Vario Press installed its second Fujifilm Acuity flatbed printer over the summer alongside a second Esko Kongsberg. And a month or so later, the Langley company took delivery of a second Sakurai LED UV press having already ordered in a Sakurai screen press earlier in the year. That was seen at the Print Show with a Baldwin LED UV unit delivering high impact spot varnish.
Despite representing litho, screen printing and inkjet technologies each overlaps the other says Vario managing director Dave Clarke. “We haven’t looked back,” he says. “We are able to print on all sorts of materials, aluminium for example as well as boards and films. Print is a service industry and if we are asked for a printed item we will produce it.”

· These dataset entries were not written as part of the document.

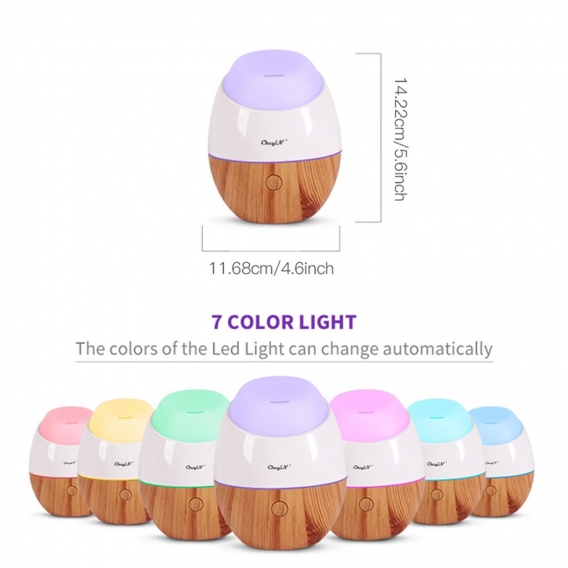 CkeyIN Mini Luftbefeuchter Öldiffusor mit 7 Farben Nacht Lichter Aroma Diffuser tragbar Wasserlose automatische Abschaltung für 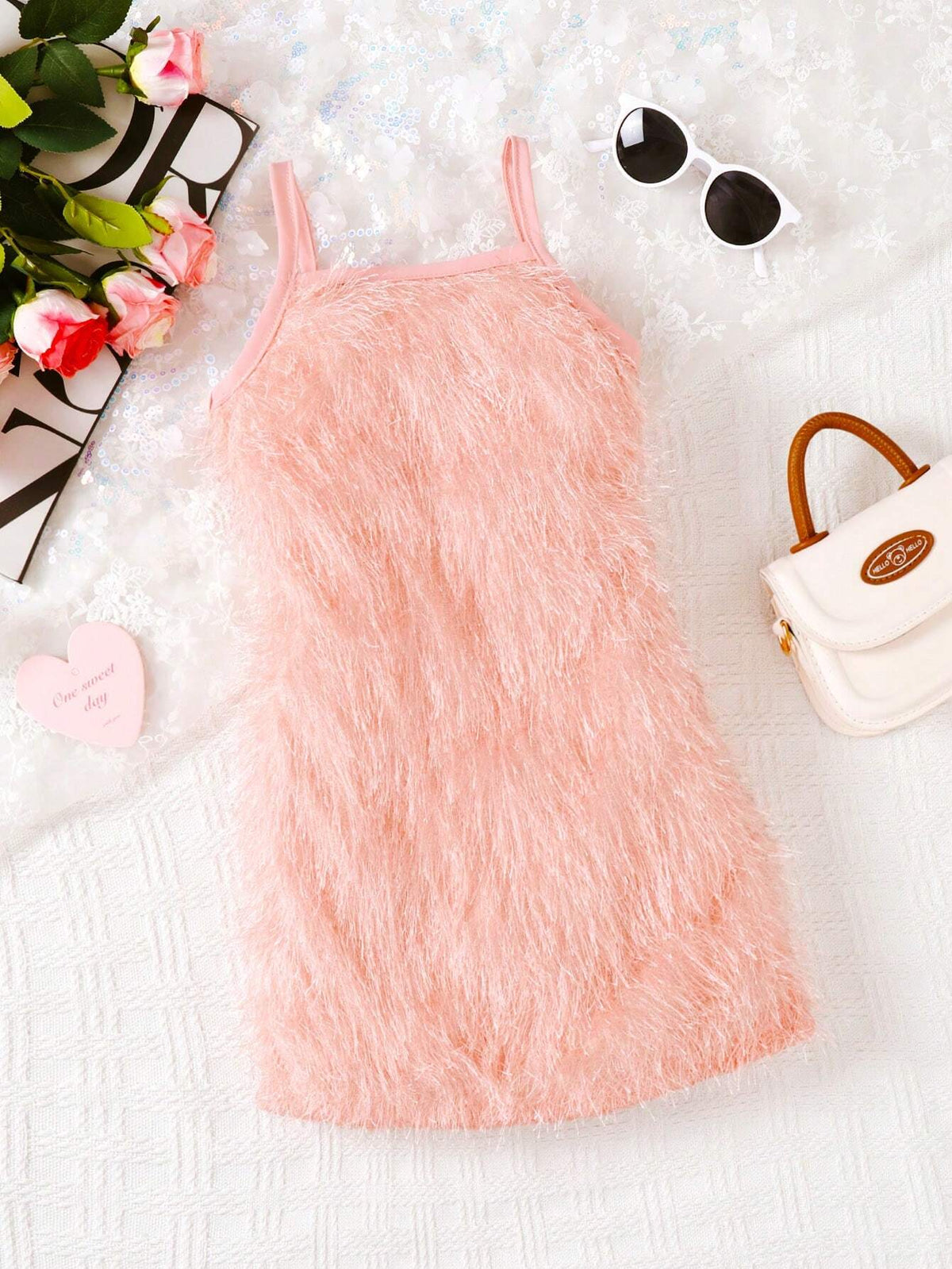 Young Girl Party Style Plush Elegant Cami Dress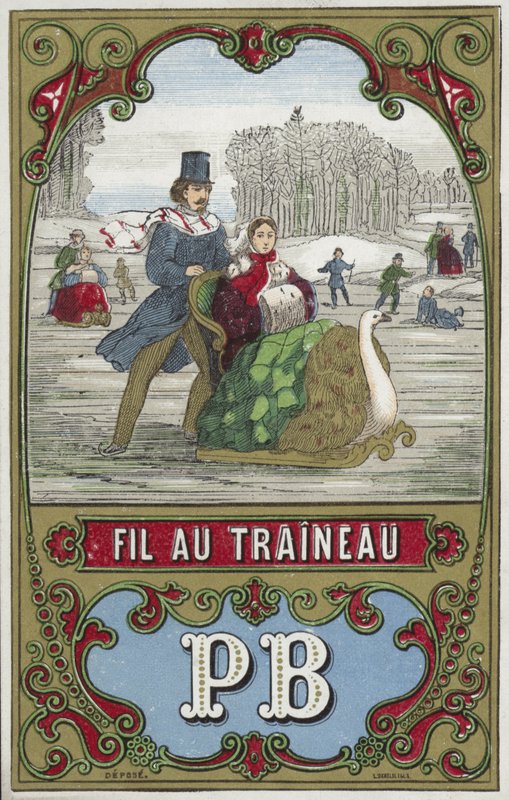 Etikett for sledetråd av French School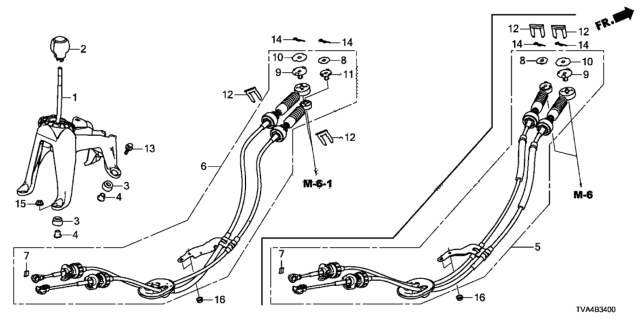 2020 Honda Accord Knob, Change Lever *NH900L* (LEA) (DEEP BLACK) Diagram for 54102-TBA-L02ZA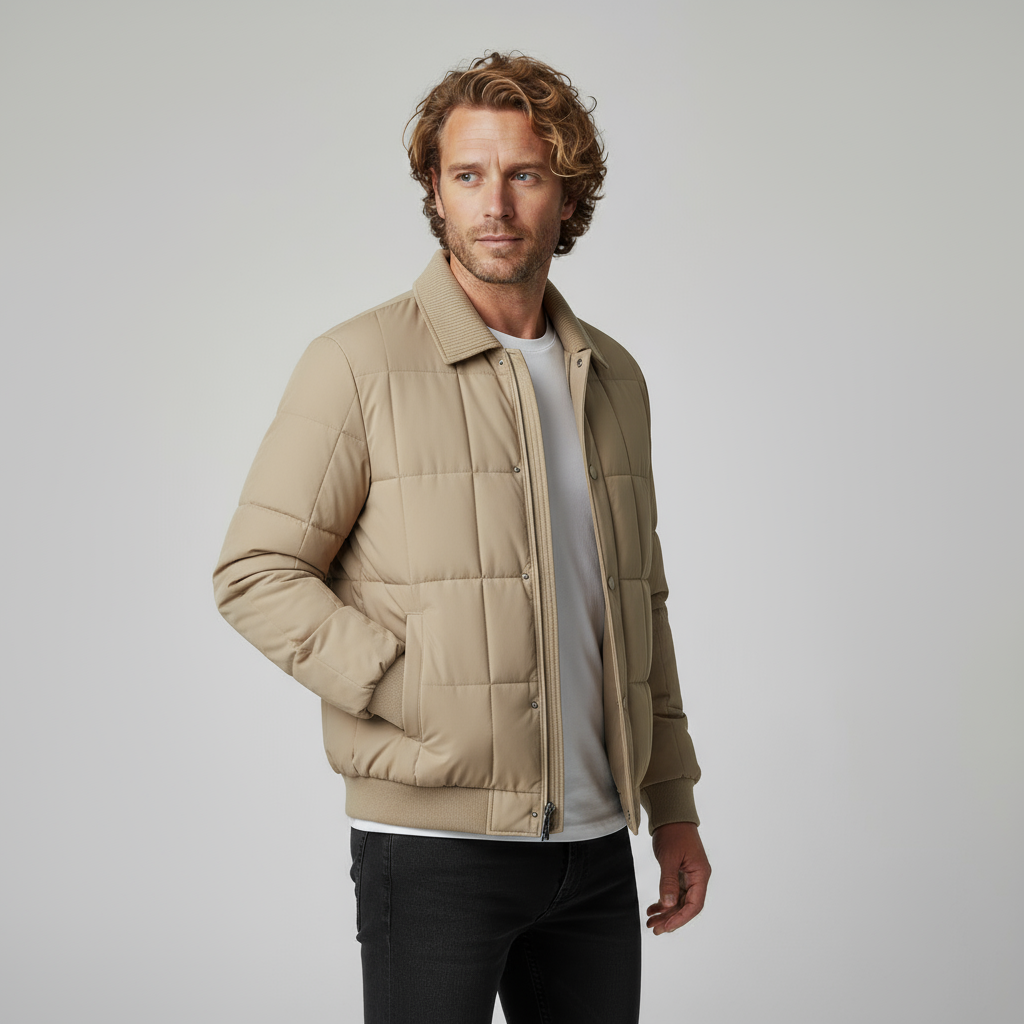 Brooklyn Quilted Down Jacket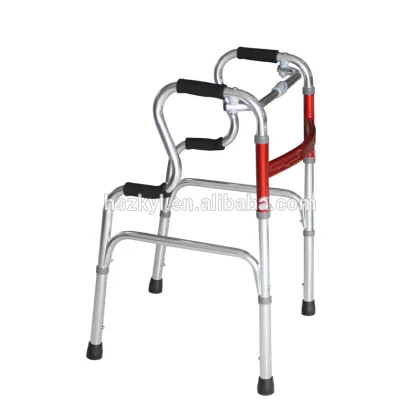 aluminium foldable stair climbing walker walking aid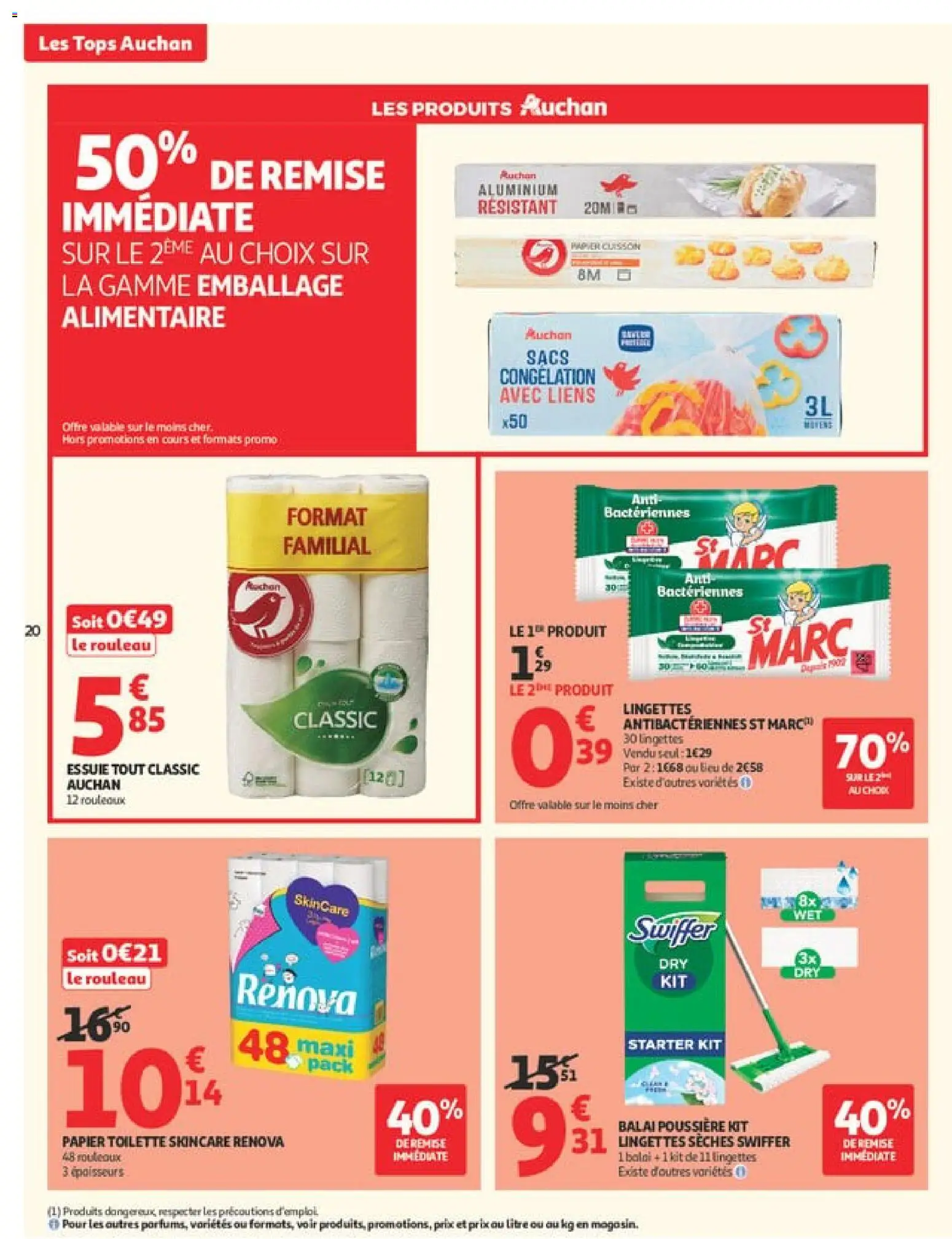 {H1} | Page: 20 | Produits: Papier toilette, Rouleau, Balai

If the company receives an order for a limited number of window film stickers, it will print these on either of the Acuity presses; if the number required is greater, it can print on the LED UV litho presses because these can print on plastics without distortion. “If we need to print white first, we can do this on the screen press,” Clarke adds. “All the technologies we have overlap.”
Likewise the company can create a high build spot varnish on its Indigos, but can do the same thing on the new screen press. It may not be quite the same level as is possible on a Scodix, he admits, but says that customers are looking for the impact that something a little different can achieve. The company is trialling different screens and consumables to find out which combination works best for each application.

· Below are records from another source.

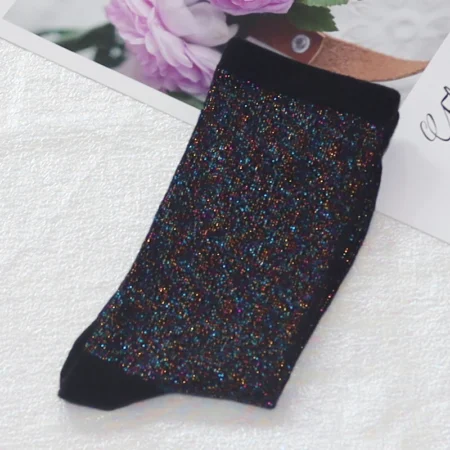 Chaussettes femme paillettes 3 paires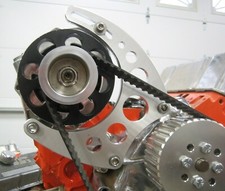 327 350 Sbc Bracket Kit For Gilmer Belt Drive - Fuelie Heads - Billet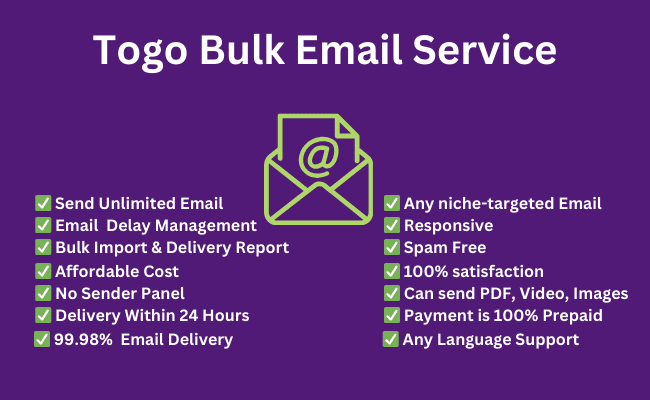 Togo bulk email service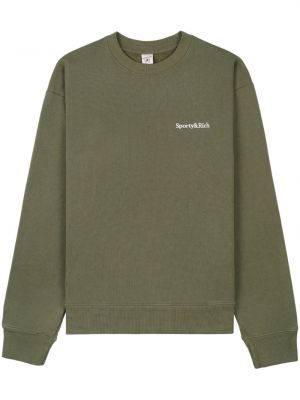 Sweatshirt mit stickerei Sporty & Rich grün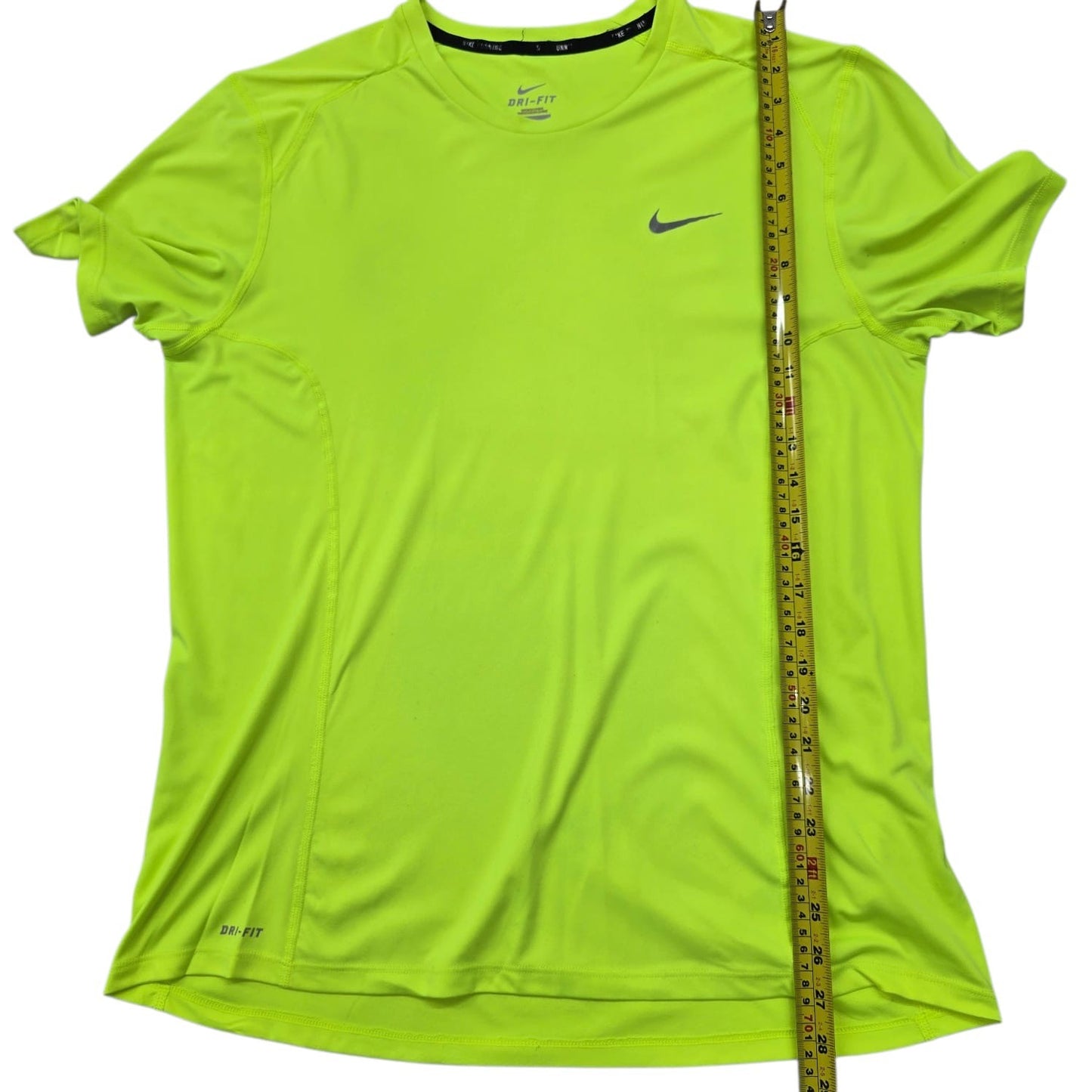 Nike Men's Dri-FIT Light Green Running T-Shirt Size L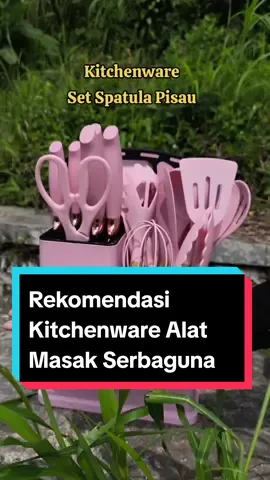 Rekomendasi Set Kitchenware Spatula Silicone  Pisau Dan Talenan 19in1 Serbagauna Alat Masak #wibgajian #kitchenware #spatulaset #pisauset #spatulasilicon #alatmasak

“We like to be experimental,” Clarke continues. “We can’t just sit back and be a bash-it-out printer. We like working with lots of different materials. One merchant we deal with supplies almost only coated papers, but Antalis is prepared to work with us on coming up with interesting substrates.”

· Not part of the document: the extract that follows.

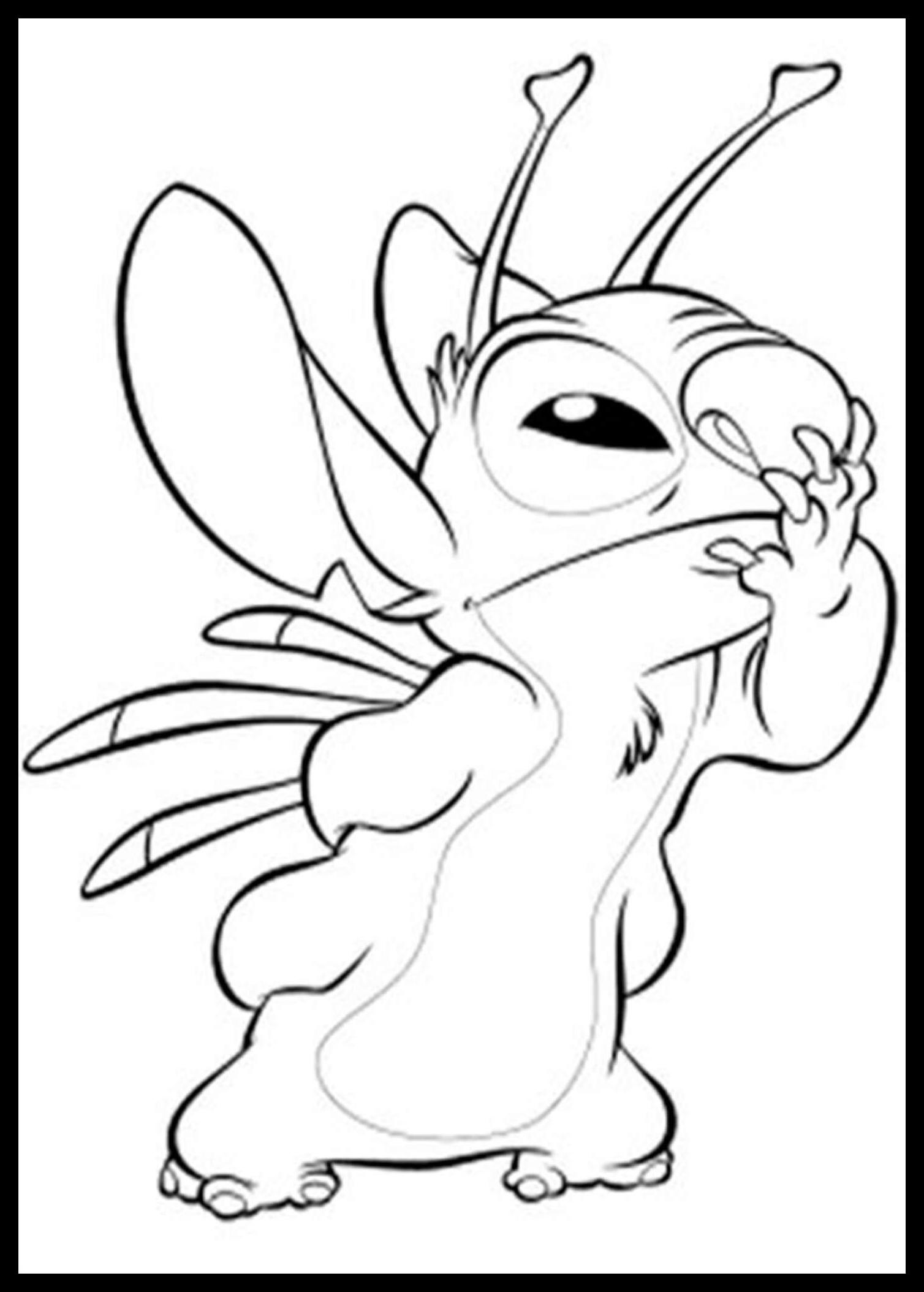 Stitch Coloring Pages Printable 33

It works for the business, creating a reputation that Vario is a business that will find a way and that reputation generates the work. In turn that is returned to the business through investment. The latest has been the acquisition of a smaller printer, taking on its sales and staff. “They were only a printer,” says Clarke, “no large format, no screen printing, just litho printing and in recent years their turnover was going down.”
The message is clear in Vario’s experience. Investment in large format flatbed printing has paid off and continues to pay off for the business.
Despite representing litho, screen printing and inkjet technologies, each overlaps the other according to Vario Press managing director Dave Clarke, (right). “We haven’t looked back,” he says. A second Sakurai LED UV press has been installed.